According to the WIPO classification of world clusters (2023 Global Innovation Index), the EU has a similar number of clusters in the top 100 as the US and China, but only one in the top 20. None of the EU clusters appear among the top ten, while the United States has four and China has three, the report says.


But there are lots of other issues, ranging from a weaker venture capital system to the degree to which academics create private companies; overall commercialization of research and regulatory and bureaucratic obstacles. 


A slower pace of technology adoption; smaller firm size; quality of digital infra and skills also are cited as obstacles. But the list of issues is numerous, including the cost of energy; access to raw materials and digital infrastructure in general. 


For some observers, the report simply restates what critics have said for decades about EU competitiveness, 


The common litany of concerns includes the fragmentation of the Single Market impedes scale.
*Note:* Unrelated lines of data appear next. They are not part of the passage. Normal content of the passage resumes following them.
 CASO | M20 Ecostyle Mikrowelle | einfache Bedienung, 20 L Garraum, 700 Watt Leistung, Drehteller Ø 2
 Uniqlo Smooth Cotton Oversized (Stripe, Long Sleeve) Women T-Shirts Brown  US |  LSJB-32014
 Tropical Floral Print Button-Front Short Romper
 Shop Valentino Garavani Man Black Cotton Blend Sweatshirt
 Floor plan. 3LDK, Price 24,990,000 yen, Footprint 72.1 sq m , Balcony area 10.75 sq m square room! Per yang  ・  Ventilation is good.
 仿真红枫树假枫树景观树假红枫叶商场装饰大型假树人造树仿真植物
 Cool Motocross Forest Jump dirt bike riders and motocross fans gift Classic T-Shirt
It always is argued that the EU makes insufficient investment. Regulatory barriers are said to be too high. There are talent shortages as well.


Digital infra is not well-developed enough and competitors do better in such areas. Most of the proposed remedies, and they are numerous, would require both a huge shift of resources and significant time, something perhaps unavailable to the EU as the artificial intelligence and computing innovation cycles either appear or continue. 


Some problems might not have solutions, at least not solutions that are politically or economically feasible. And even if successful, EU “catching up” to China and the United States in many technology fields would take a long time, many would likely argue.